L’opéra mis au concours était cette année La Bohème de Puccini, pour la troisième fois de l’histoire du concours (dédié cette année à Alida Ferrarini, décédée pendant les épreuves, qui avait été la lauréate pour le rôle de Mimi au concours 1974), puisque La Bohème a été proposée en 1974 (outre Alida Ferrarini, parmi les vainqueurs, Paolo Barbacini , Garbis Boyagian, Max-René Cosotti et Alessandro Corbelli) et en 1984 (vainqueurs Fiamma Izzo d’Amico, Lucietta Bizzi et Roberto Servile).
Le nombre de candidats cette année particulièrement élevé (environ 150) a nécessité un écrémage important pendant les premières éliminatoires. Le concours est organisé en premières éliminatoires pendant lesquelles les candidats doivent présenter un air à leur convenance non lié à l’opéra mis au concours et en secondes éliminatoires où les candidats présentent, un air à leur convenance ou un air extrait de l’opéra (le choix étant fait par la commission), puis en demi-finale où les candidats encore en lice présentent les ensembles de l’opéra mis au concours et quelques airs, et une finale où deux distributions ou trois exécutent la plupart des airs et ensembles de l’opéra.
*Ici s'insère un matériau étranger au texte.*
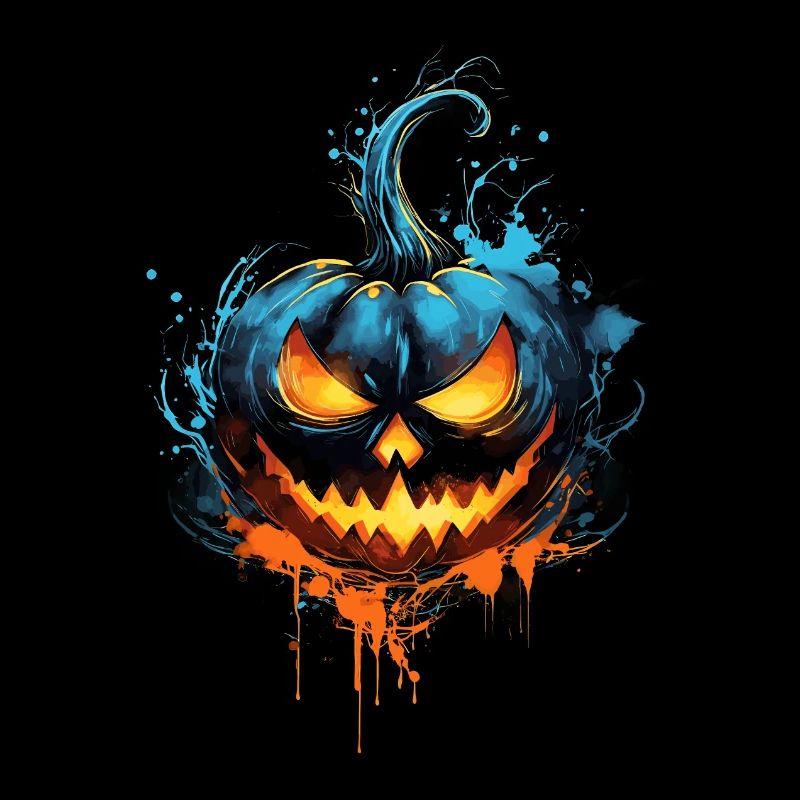 Halloween Jackolantern Pumpkin Shirt Design m/w/d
Ce qui a frappé le jury pendant les éliminatoires, c’est que les candidats ont souvent présenté des airs qui stylistiquement n’ont rien à voir avec l’époque ou le style de l’opéra mis au concours : cette année, de nombreux sopranos ont proposé de longs airs de bel canto (Anna Bolena, Lucia di Lammermoor par exemple) aux difficultés notables, mais aidant peu à comprendre si derrière une Lucia se cachait une Mimi. Pour une fois en revanche la commission s’est réjouie d’avoir à écouter une petite vingtaine de ténors, mais malheureusement beaucoup (7 à 8) ne se sont pas présentés ou ont renoncé en cours d’épreuve. Quelques-uns se sont présentés sur deux rôles (Mimi/Musetta ou Schaunard/Marcello avec des fortunes diverses.
À cause des nombreuses demi-finalistes pour Mimi et Musetta, la commission a dû procéder à une sélection ultérieure, pour déterminer qui des demi-finalistes pour ces deux rôles continuerait à se faire entendre dans les ensembles.
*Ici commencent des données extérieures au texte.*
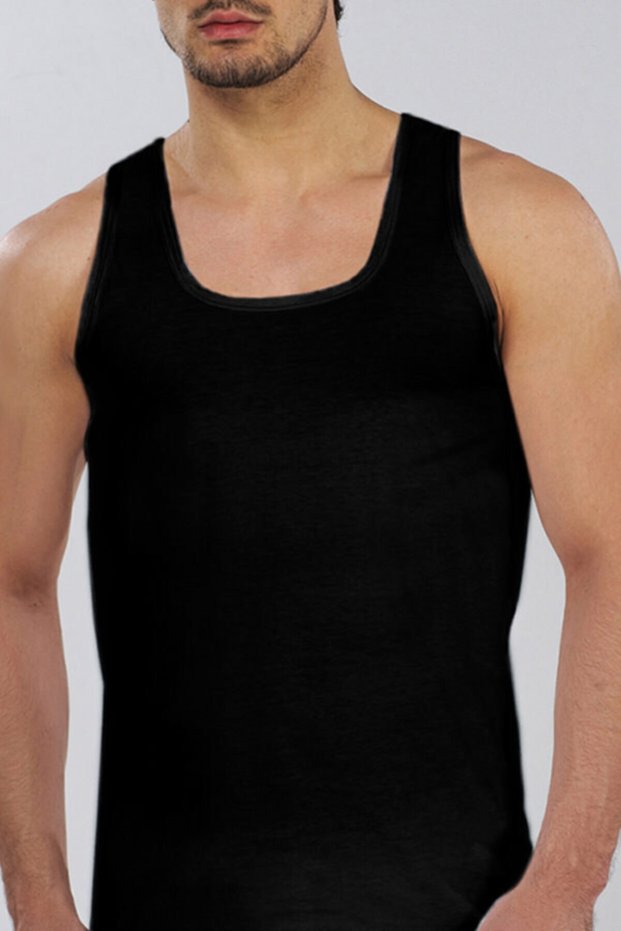 Men's black jersey 0770 6-pack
Il faut souligner qu’après les secondes éliminatoires, le niveau moyen des chanteurs était dans l’ensemble assez solide, et les épreuves finales ont permis d’entendre des distributions homogènes, d’un niveau très honorable, qui laisse espérer aux représentations de la Bohème (9 au total à Trévise, Ferrare, Jesi, Bolzano)  un joli succès.
Les chanteurs sélectionnés auront droit, avant les représentations, à une semaine de stage de préparation de chant, dirigé par Evguenia Dundekova, auxquels s’adjoindront ceux qui ont été distingués par une bourse d’études d’un montant de 500, 600, 1000€.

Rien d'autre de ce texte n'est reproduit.